4.1.2 Source .bashrc in current login session

hduser@pooja:~$ source ~/.bashrc

4.2 Hadoop configuration file changes

4.2.1 Changes to hadoop-env.sh (set $JAVA_HOME to installation directory)

4.2.1.1 Find JAVA_HOME on machine.

hduser@pooja:~$ which java

/usr/bin/java

hduser@pooja:~$ readlink -f /usr/bin/java

/usr/lib/jvm/java-8-oracle/jre/bin/java

Note: /usr/lib/jvm/java-8-oracle is JAVA_HOME diretory

4.2.1.2 Edit hadoop-env.sh and set $JAVA_HOME.

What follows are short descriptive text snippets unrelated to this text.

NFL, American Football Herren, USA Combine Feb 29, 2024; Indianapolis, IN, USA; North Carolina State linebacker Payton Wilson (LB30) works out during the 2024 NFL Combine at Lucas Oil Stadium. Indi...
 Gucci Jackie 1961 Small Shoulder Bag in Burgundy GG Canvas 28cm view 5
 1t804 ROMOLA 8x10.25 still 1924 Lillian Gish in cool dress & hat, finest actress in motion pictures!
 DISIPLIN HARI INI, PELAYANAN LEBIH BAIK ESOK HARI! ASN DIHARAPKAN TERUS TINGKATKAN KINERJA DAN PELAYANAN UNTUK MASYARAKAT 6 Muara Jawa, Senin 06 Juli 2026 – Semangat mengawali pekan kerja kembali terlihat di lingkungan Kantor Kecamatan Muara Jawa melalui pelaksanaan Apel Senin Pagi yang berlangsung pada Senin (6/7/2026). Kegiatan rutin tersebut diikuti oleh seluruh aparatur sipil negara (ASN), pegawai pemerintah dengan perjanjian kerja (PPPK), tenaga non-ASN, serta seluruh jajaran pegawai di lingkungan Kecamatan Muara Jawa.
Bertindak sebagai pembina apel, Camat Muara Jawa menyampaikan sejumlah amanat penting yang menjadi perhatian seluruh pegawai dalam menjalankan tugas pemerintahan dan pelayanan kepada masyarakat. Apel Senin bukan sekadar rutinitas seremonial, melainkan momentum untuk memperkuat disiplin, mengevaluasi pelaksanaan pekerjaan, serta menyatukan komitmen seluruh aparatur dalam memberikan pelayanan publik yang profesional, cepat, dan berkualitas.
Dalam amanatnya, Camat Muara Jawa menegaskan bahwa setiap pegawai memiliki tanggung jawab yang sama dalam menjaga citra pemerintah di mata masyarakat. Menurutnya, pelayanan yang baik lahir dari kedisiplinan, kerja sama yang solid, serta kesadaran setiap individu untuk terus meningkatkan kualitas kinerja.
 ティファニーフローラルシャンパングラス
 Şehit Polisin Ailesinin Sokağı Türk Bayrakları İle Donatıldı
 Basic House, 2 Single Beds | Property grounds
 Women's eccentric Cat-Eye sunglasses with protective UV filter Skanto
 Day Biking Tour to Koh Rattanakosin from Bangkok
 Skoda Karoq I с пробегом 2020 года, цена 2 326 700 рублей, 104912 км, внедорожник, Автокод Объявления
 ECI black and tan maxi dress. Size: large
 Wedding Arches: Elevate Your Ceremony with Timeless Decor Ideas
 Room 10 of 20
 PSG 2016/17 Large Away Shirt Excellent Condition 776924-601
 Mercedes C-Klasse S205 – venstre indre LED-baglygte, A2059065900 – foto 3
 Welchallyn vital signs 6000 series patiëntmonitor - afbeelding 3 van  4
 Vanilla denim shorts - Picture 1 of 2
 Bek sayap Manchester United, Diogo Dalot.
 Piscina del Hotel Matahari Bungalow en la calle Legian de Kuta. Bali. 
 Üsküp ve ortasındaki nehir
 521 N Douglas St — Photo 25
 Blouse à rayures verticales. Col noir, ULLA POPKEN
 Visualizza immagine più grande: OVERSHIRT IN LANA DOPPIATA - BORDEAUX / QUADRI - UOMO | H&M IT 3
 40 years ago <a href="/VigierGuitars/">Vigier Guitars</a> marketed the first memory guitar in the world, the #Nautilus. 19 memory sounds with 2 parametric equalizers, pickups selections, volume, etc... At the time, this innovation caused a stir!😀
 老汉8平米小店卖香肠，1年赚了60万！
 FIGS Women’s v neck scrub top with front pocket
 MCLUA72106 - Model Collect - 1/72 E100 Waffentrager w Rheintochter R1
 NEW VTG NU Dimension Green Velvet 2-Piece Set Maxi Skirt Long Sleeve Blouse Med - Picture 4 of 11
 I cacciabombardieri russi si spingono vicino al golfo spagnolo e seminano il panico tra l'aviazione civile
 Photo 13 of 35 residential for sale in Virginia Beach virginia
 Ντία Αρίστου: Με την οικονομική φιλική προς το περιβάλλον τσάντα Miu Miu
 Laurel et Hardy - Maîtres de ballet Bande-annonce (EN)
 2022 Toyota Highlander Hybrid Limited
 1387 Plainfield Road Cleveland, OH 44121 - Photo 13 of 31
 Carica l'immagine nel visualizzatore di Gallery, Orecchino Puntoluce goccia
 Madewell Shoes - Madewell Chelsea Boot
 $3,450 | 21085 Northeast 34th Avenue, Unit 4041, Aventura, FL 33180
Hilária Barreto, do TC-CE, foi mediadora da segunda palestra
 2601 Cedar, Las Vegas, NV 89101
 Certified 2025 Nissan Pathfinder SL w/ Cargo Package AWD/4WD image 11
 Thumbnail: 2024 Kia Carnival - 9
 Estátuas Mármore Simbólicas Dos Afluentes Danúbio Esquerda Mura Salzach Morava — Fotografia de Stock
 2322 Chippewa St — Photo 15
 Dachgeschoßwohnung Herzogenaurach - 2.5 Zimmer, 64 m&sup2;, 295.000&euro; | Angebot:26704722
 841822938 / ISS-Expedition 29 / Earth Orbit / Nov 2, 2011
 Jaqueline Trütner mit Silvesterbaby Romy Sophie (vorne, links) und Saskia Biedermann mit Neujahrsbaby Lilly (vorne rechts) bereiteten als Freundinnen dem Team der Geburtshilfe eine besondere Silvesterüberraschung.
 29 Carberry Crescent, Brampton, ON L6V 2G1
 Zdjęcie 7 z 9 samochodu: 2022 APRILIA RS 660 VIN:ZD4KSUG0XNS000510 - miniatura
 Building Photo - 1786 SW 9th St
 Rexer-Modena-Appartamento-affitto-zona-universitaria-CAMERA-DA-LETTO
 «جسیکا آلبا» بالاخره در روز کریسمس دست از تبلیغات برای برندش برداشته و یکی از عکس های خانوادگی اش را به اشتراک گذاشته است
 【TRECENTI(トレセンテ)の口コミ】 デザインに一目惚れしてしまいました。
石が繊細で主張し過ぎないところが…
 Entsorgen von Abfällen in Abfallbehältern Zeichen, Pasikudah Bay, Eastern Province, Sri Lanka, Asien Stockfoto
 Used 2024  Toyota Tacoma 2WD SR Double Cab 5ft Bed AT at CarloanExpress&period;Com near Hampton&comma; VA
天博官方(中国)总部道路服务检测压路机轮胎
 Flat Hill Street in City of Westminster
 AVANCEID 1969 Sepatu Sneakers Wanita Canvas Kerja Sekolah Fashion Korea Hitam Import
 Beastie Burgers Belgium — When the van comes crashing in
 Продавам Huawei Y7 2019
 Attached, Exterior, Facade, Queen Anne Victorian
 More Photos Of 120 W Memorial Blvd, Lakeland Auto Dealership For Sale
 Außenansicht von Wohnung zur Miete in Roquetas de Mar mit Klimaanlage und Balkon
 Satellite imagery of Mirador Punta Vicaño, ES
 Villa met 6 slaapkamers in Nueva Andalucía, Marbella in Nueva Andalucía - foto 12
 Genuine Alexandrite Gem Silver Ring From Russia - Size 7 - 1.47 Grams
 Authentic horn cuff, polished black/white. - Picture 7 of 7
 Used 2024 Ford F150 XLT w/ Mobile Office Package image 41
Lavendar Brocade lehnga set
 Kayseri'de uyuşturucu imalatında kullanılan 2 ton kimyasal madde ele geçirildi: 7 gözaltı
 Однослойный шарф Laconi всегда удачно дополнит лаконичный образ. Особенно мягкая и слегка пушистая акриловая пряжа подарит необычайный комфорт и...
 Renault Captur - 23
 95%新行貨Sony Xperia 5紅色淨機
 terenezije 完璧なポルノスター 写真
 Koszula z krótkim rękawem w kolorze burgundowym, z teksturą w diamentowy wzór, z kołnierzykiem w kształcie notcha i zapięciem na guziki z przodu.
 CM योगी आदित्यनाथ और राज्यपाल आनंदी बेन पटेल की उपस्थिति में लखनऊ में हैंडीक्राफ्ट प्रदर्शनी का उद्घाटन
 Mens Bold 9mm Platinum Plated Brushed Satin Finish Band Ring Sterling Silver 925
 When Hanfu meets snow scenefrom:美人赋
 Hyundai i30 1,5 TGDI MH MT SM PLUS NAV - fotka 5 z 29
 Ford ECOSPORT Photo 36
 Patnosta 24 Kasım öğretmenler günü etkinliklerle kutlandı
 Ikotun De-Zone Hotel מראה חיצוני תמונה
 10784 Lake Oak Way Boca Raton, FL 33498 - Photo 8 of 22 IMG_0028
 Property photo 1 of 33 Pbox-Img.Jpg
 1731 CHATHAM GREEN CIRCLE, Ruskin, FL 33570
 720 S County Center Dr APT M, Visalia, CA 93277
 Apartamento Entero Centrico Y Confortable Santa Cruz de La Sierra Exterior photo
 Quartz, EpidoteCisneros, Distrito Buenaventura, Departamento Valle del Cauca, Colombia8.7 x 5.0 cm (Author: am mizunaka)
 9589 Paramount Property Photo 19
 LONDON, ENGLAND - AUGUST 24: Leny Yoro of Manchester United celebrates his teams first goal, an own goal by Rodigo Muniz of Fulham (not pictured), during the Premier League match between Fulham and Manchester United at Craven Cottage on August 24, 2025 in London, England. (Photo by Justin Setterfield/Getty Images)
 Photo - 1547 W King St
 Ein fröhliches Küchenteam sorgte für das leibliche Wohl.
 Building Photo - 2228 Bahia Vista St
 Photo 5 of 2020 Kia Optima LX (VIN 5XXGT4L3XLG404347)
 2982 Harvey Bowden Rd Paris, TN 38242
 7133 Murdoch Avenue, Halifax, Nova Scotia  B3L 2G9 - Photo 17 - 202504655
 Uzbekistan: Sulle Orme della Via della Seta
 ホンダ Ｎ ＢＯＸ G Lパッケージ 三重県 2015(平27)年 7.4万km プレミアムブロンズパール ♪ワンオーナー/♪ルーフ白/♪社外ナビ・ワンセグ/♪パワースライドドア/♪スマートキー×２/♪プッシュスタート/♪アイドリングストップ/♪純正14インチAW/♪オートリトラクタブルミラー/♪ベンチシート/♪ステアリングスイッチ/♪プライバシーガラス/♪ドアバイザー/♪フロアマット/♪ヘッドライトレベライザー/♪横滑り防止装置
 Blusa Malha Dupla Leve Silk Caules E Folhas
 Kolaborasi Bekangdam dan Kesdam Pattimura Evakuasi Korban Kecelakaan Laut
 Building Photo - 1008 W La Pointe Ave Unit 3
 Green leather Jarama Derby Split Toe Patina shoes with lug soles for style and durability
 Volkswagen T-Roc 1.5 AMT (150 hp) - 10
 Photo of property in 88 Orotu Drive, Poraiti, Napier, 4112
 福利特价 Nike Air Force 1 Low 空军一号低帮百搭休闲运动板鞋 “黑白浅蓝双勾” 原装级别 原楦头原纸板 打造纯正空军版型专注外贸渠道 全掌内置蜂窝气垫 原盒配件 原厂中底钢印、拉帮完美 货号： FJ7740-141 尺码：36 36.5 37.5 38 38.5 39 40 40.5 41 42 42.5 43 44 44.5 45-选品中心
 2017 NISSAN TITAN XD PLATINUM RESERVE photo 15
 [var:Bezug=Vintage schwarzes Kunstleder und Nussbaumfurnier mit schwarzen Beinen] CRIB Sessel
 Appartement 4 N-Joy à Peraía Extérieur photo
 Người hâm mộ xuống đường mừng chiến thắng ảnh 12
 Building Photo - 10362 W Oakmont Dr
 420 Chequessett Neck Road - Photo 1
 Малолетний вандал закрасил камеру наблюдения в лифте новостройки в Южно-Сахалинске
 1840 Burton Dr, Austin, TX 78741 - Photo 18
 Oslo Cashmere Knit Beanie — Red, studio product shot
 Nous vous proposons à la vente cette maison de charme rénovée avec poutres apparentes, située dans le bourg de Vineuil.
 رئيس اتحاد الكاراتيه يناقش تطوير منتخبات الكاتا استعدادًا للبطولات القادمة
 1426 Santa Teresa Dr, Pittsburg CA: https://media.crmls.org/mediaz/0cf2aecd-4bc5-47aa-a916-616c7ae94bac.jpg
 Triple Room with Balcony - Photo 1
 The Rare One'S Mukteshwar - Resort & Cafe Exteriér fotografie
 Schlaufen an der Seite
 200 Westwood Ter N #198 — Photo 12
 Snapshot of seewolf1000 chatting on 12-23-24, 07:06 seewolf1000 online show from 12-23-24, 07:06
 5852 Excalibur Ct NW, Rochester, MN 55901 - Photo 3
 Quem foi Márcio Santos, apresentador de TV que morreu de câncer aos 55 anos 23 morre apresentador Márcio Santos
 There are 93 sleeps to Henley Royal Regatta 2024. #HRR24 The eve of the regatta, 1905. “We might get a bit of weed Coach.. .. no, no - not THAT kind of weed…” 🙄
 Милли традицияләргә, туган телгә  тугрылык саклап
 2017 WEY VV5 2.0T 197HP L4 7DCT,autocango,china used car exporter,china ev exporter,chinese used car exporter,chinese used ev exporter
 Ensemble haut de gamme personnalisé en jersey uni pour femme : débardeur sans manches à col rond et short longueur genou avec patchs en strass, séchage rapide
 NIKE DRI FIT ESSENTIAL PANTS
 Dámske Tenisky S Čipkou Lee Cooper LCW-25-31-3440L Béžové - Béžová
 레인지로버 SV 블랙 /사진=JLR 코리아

hduser@prod01:~$ vi $HADOOP_HOME/etc/hadoop/hadoop-env.sh

Edit file and change

JAVA_HOME = ${JAVA_HOME}

JAVA_HOME = /usr/lib/jvm/java-8-oracle

Note: JAVA_HOME=path fetched in step 4.2.1.1

4.2.2 Changes to core-site.xml

hduser@prod01:~$ vi $HADOOP_HOME/etc/hadoop/core-site.xml

Add the configuration property (NameNode property: fs.dafault.name).

<configuration>
<property>
<name>fs.default.name</name>
<value>hdfs://localhost:9000</value>
</property>
</configuration>

4.2.3 Changes to hdfs-site.xml

hduser@prod01:~$ vi $HADOOP_HOME/etc/hadoop/hdfs-site.xml

Add the configuration property (NameNode property: dfs.name.dir, DataNode property: dfs.data.dir).

<property>
<name>dfs.replication</name>
<value>1</value>
</property>

<property>
<name>dfs.name.dir</name>
<value>file:///home/hduser/hadoopdata/hdfs/namenode</value>
</property>
<property>
<name>dfs.data.dir</name>
<value>file:///home/hduser/hadoopdata/hdfs/datanode</value>
</property>

</configuration>

4.2.3 Changes to mapred-site.xml

Here, first we will copy the mapred-site.xml.template to mapred-site.xml and then will add property to it.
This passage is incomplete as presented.